Spring weather in Lake County has been cooler and wetter, making at least a small difference in the area’s drought conditions.
While 100% of Lake County is still experiencing some level of drought, there is no longer any portion of the county that is classified as being in “Exceptional Drought (D4)” — the most extreme drought level according to the U.S. Drought Monitor.
The U.S. Drought Monitor is updated each Thursday to show the location and intensity of drought across the country using a five-category system, from Abnormally Dry (D0) conditions to Exceptional Drought (D4).
Unfortunately, 85.71% of Lake County is still classified under “Extreme Drought (D3),” during which planting is delayed, chance of wildfire is high, and reservoirs and lakes are very low compared to normal.
One-hundred percent of the area is experiencing “Severe Drought (D2).” According to the U.S. Drought Monitor, the following can be expected: 1) Pastures are brown; hay yields are down, and prices are up; producers are selling cattle; 2) Fire risk increases; 3) Marshes are drying up, little water is available for waterfowl and wildlife; bears are moving into urban areas.
The Drought Monitor states that an estimated 135,281 acres of hay in Lake County are in drought, along with an estimated 47,732 head of cattle.
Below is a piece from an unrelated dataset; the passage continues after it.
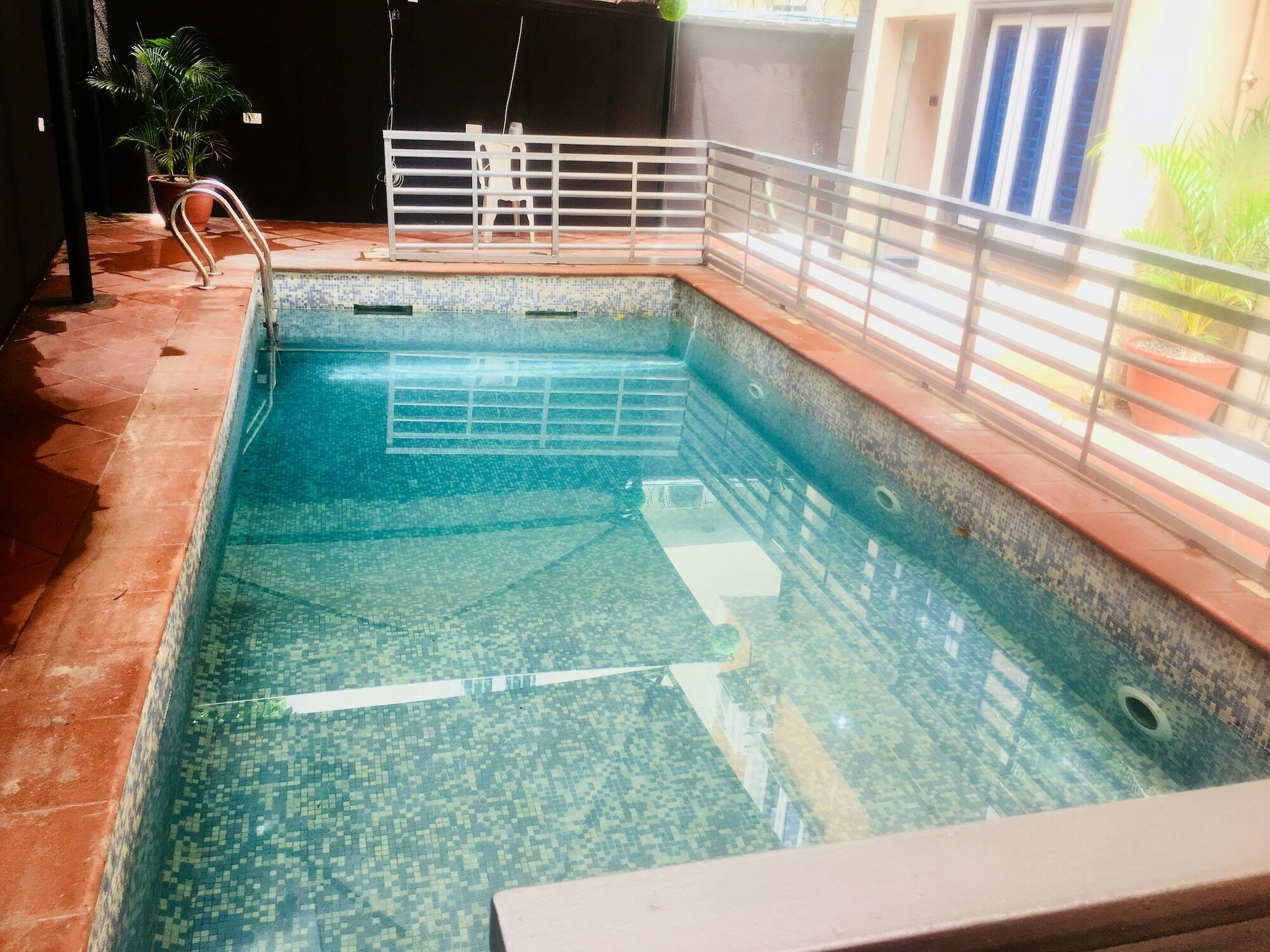 Esporta Suites Lekki Лагос Экстерьер фото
In neighboring Klamath County, May precipitation was up .93 inches from normal. However, wetter conditions have again made only a slight impact on the intense drought, with 1% fewer people being impacted by drought than the previous month, according to the Drought Monitor.
Klamath County also saw all areas of Exceptional Drought (D4) disappear. Similar to Lake County, 88.47% of the Klamath is experiencing Extreme Drought (D3).
Crook County is currently experiencing the worst drought of all Oregon counties, with 53.3% of the area in Exceptional Drought. In addition to the negative effects of the other drought categories, the D4 classification comes with an additional disadvantage — reduced power generation.